Arnold Dreyblatt – Choice

Choose

Arnold Dreyblatt – ChoiceChoice finds Arnold Dreyblatt making his instruments and chosen musicians sing and chime from minimalism to moments of forthright completeness over two sides of vinyl which demand an honest listen and are ultimately rewarding when given such. Curated from more than thirty years (1981-2007) of live recordings, the LP is all the more remarkable for not sounding like a compilation of music made over such a long time-frame at all.

Sometimes his titles are quite literal, as in “Striking,” where the sharp brush of hand or object on strings is overwhelmed by the churn of longer sustaining tones. Tumbling strings prick the air in a frenetic parade on “Harptones” and the harmonic drones of “Regal Sustain” fill the air with the buzzing sounds of a mechanical summer. “Flowchart” is one of the longer pieces which drifts from somnolence to emergent not-quite rhythms which clatter and clack to their own particular stride. The hurdy-gurdy and spoons (or is it in fact Jason Khan at the cimbalom?) of “Sideband” give off the atmosphere of a primitivist soirée where the musicians and audience are gathered around a jug of home-brew to make and enjoy music together, while “The Odd Fellows” positively soars on cycles of brightly-played chords and omnipresent, long drawn-out flows which prod at the edges of discordance while maintaining an arresting charm.
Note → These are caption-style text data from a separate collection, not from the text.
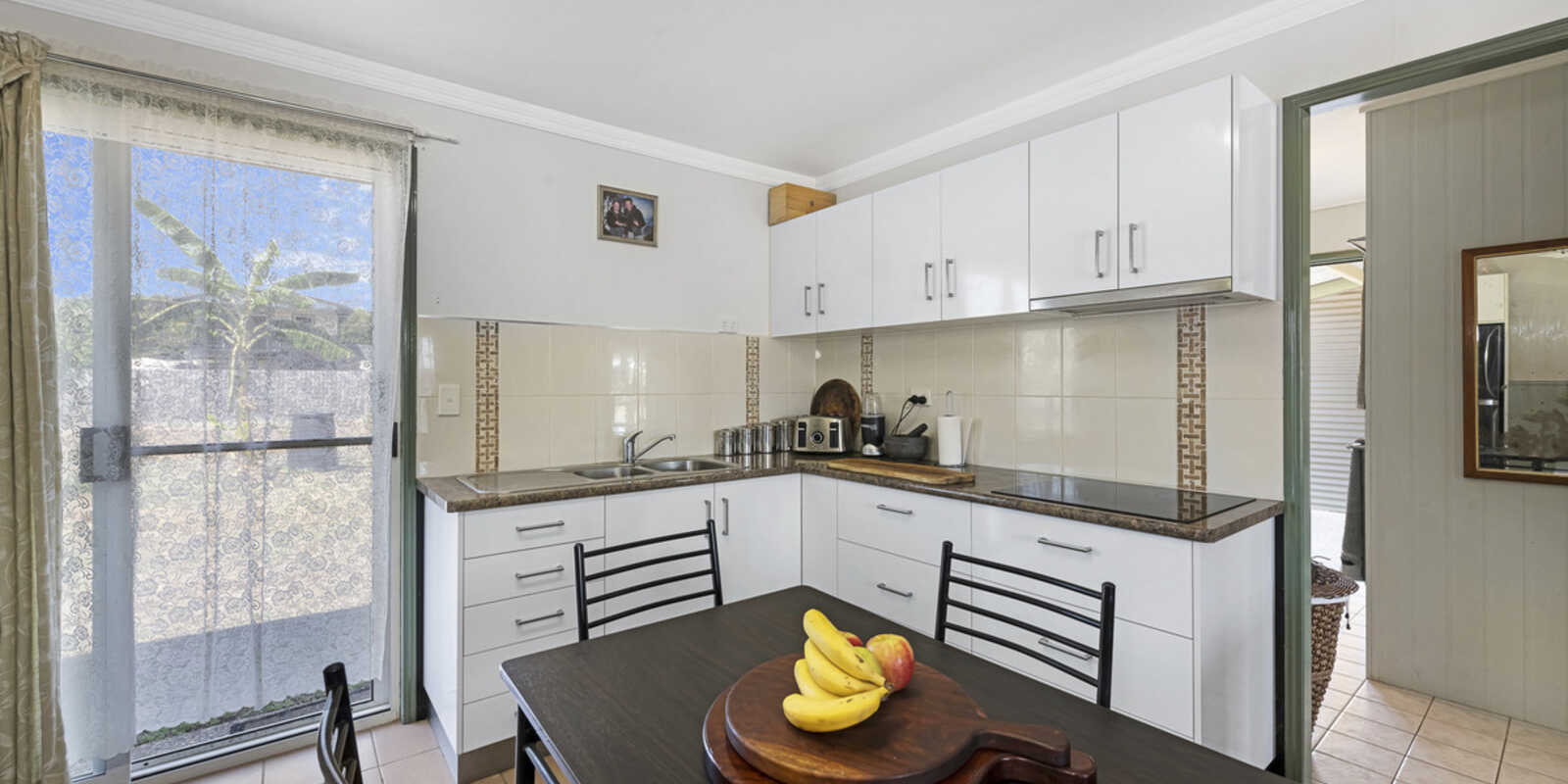 8 Island View Drive Winfield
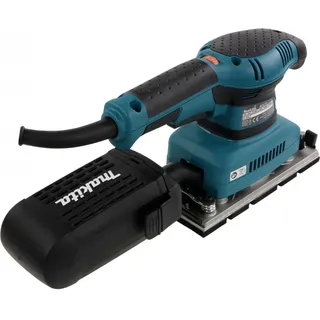 Makita BO3711 Schwingschleifer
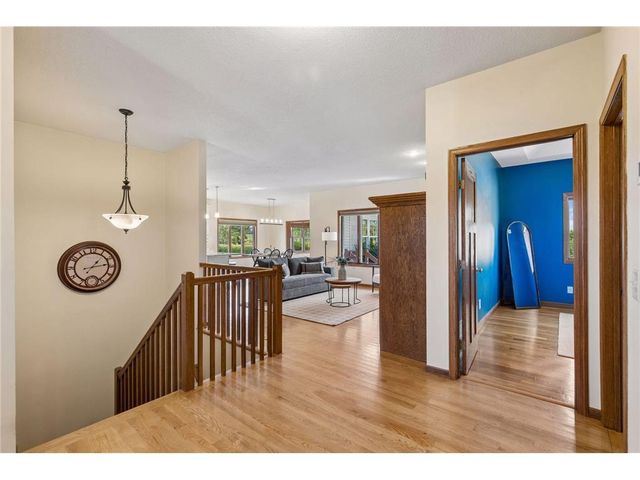 1749 110th Avenue, Hammond, WI 54015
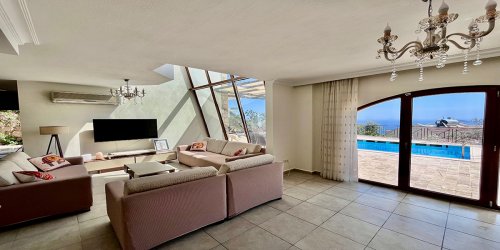 Villa Meltem-IMG-20240525-WA0002.jpg-thumb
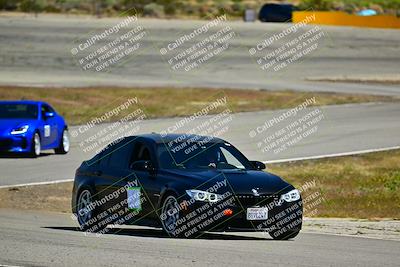 media/Apr-06-2024-Extreme Speed (Sat) [[3431b70655]]/Green-mid int/Session 3 (Turns 2 and 3)/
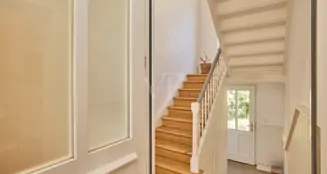 von_poll_real_estate_property_25005020A_image_21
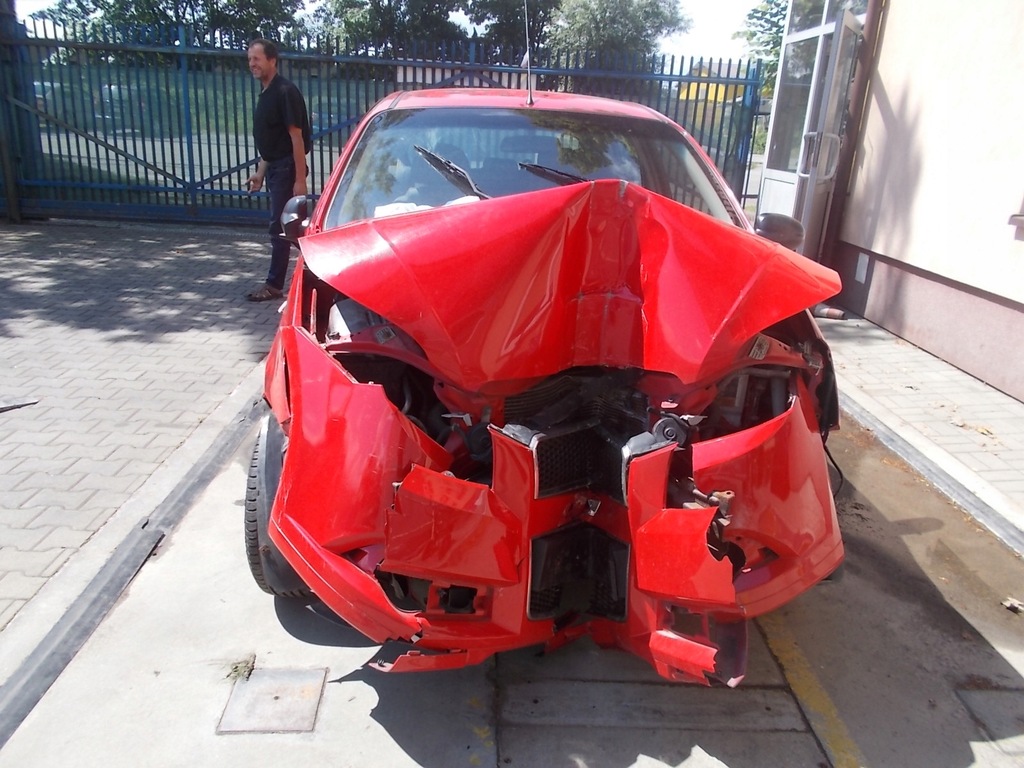 фото №5, Aveo t250 блок керування бортовий комп'ютер 96469978af 5wy5956f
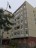 Продажа квартиры Сестрорецк, Приморское, 261 к. 2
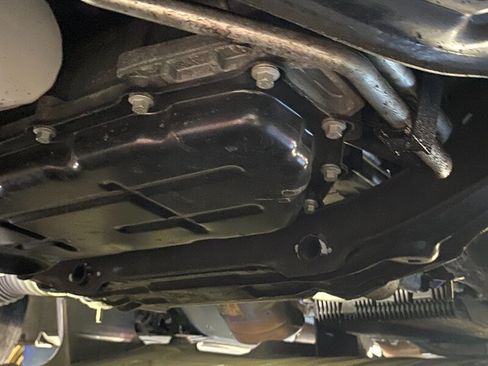 Used 2010 Jaguar XF Luxury image 58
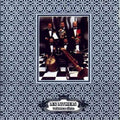 Les Luthiers - Les Luthiers Volumen 7 - Vinyl Record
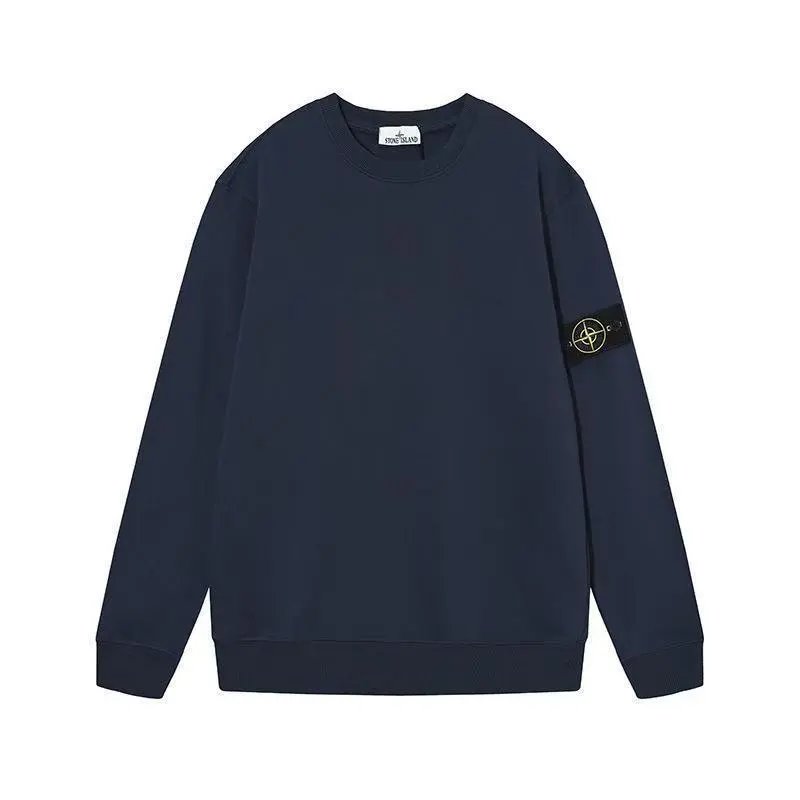 Stone Island Navy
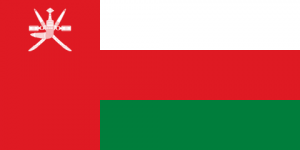 Flagofomansvg — Ranking of Islamic Countries option 42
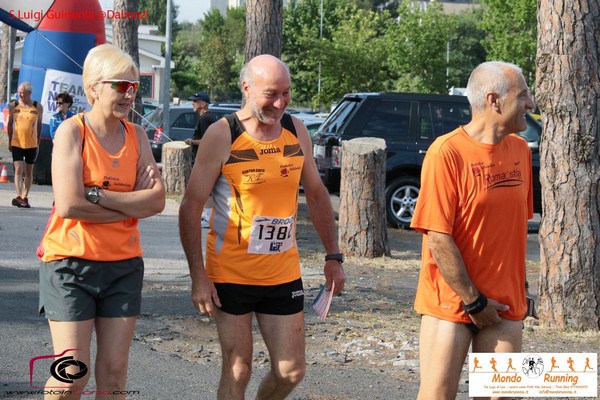 Maratonina 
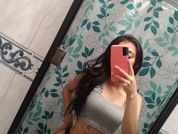 SophiexBunny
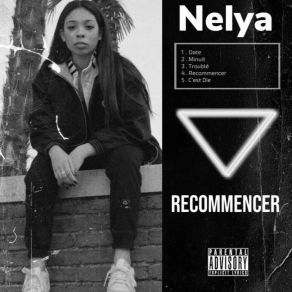 Download track C'est Die Nelya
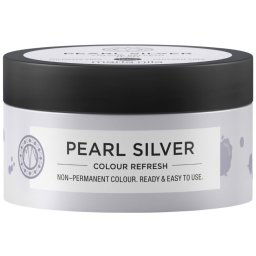Colour Refresh Cor Semi-Permanente 100mL 0.20 Pearl Silver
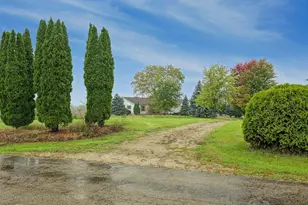 N245 Freeport Rd, Monroe, WI 53566 - Photo 55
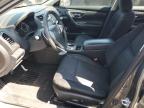 NISSAN ALTIMA 2.5 photo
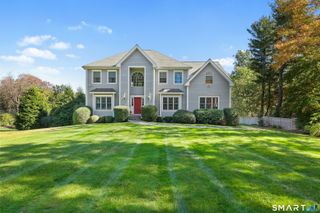 132 1/2 West Norwalk Road, Norwalk, CT 06850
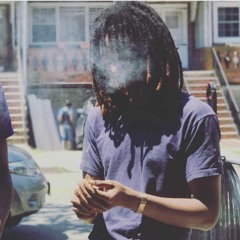 Selfless freestyle (Prod. hazwun $$)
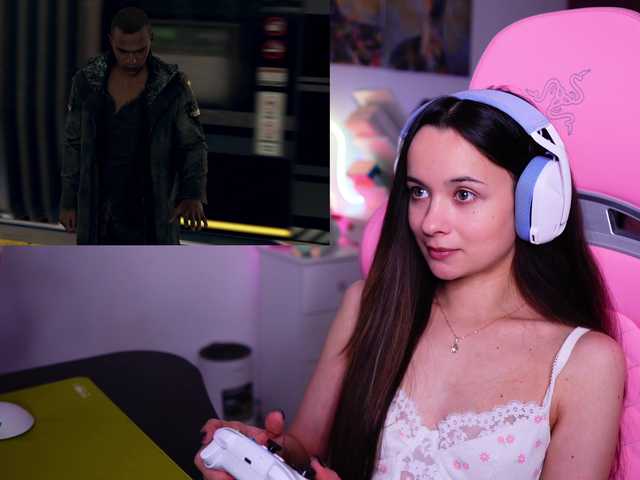JuicyAngel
So is it folk music or is it art? Frankly, who really cares at the distinction? It’s facile, clichéd even, to approach recordings like Dreyblatt’s as some sort of avant-garde difficult listening project. There are no songs, no hooks in a conventional sense, plenty of meandering; and the piercing whistles which introduce the hauntingly present “Organ Music for 16 Hands” are certainly a challenge which is hard to ignore. The reality on Choice is that the listener has just that – and it’s usually a straightforward decision to plunge headlong into the (mostly) joyful sounds which he produces here with a feeling of pleasure at the modestly-attired compositions and to revel in the musicianship on display from his performers.